My construct of self dissolved, and I became one with everyone who has ever lived, blithely enjoyed their youth, grown old and died.
Saints be praised: I understand Lear now.1
So what happened? Why now?
Answer: I got old. Doy.
I’ve been wanting to write a Substack about Lear but I couldn’t think of an angle, so for many days, I badgered by long-suffering husband, Reid.
“What should my Lear Substack be about?” I asked.
“I don’t know,” he said.
“I can’t just write about how I used to not understand Lear and now I do understand Lear,” I complained.
“Why not?” He said, in that fuck-you way I fell in love with.
Why not, indeed.
So, here are the 5 major plot points (as I see them) in Lear and why they were impossible for a young me to understand, but are devastatingly clear to an old me.
PLOT POINT #1: The love test.
Quick & dirty summary: Lear decides to divide up his kingdom between his three kids, but they have to tell him how much they love him first. Goneril and Regan blow smoke up his skirt, but Cordelia, his favorite, refuses to flatter him. He goes mental and disowns her. When his friend Kent defends Cordelia, Lear goes even more mental and banishes him.
OLD SARA’S INTEPRETATION: All Lear’s bluster and performative altruism is really just him panicking about death. He thinks about death all the time. I’m only 45 and I think about death all the time, too. The concept of being…nothing? Am I really just a human TV set? When I’m flipped off, am I really… off? Like off off? Then why work out or study or learn an instrument or get my hair cut or take a shower? Why eat healthily? Why not just live on Cinnamon Toast Crunch and meth? Why do anything if one day—very soon in Lear’s case— I will be…nothing. It’s an unbearable weight to carry. But the concept of legacy is comforting. When I am as close to death as Lear in Act 1, I will have my kids, my entire body of work, productions, published plays and books, my friends— all are a great and lasting legacy. You know what would also be cool? If I got all my friends, family and fans together at say… Dixon Place! And they told me how much they loved me. (I’d obviously cater it.)

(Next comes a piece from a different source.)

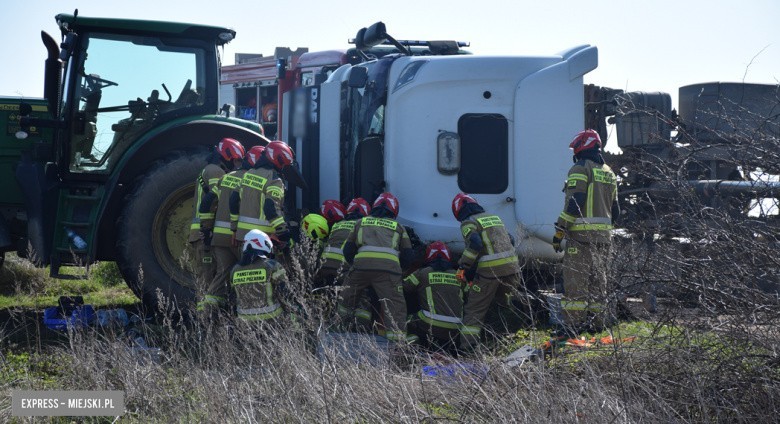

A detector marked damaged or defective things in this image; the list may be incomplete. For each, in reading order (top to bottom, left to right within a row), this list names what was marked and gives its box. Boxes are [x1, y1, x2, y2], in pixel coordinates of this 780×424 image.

overturned white truck cab [280, 24, 596, 262]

Oh look, there’s my youngest kid, now 40, standing up to share how he’ll carry my legacy into the future. “Tell me, my son,” I say, “Ease my transition into death: What doth you love about me most?”

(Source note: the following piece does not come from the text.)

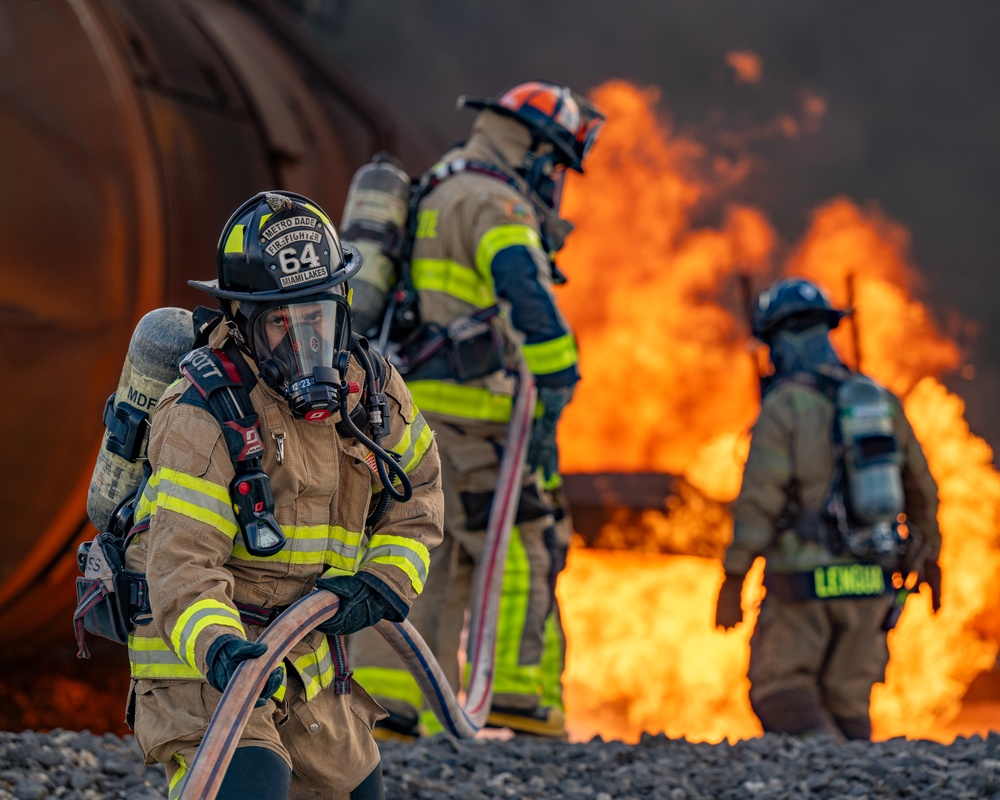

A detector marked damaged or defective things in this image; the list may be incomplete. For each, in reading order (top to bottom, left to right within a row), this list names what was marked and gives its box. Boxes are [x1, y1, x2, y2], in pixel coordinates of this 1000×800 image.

rusty metal structure [0, 0, 398, 652]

“Mom,” he says, “you actually really fucked me up and I’m in therapy now because of you.”
“But— but I gave you a great childhood!” I protest, “I exposed you to art and music and theater! I gave you independence and cash! So much cash! I was always supportive and emotionally present—- wasn’t I? I worked a soul-crushing day job for decades solely for your comfort! Tell me! Where did I go wrong?”
“You wouldn’t buy me Madden NFL 26.” He’d say. “Doy.”
“But it was $70!” I’d say. “I couldn’t rationalize spending $70 dollars on a video game! Also I’m not made of money!”
“Pfft, whatever,” my youngest would say. “It’s a lot less than what my shrink charges.”
Oh my god, I’d think.
My legacy is tarnished! I thought my youngest son loved me, but really he’s an entitled, spoiled little capitalist who’s into football! Worse— video games about football! Ye gods! My entire belief system is shattered! I’ve been living a lie!
“Well then kid,” I rage at him. “I hereby disclaim all my maternal care, propinquity and property of blood! And as a stranger to my heart and me! Hold thee from this forever!”
And I banish my kid from Dixon Place forever.
How can I accept death now? When my own flesh and blood thinks I deprived him? Also, look what my well-intentioned parenting hath wrought?
But I am going to die—- and soon! And I must accept death or else go mad!
I’d almost rather go mad…
YOUNG SARA INTERPRETATION: What a stupid idiot.
LEAR PLOT POINT #2: Gloucester sub-plot begins.
Quick & dirty summary: This rando guy named Gloucester has two sons: Edgar (legitimate) and Edmund (bastard). For the power trip, Edmund tricks his dad into thinking that Edgar is plotting to kill him. Edmund then tricks Edgar into thinking their dad is plotting to kill him. Edgar panics, rips off all his clothes and lives in the woods under a new identity: Poor Tom.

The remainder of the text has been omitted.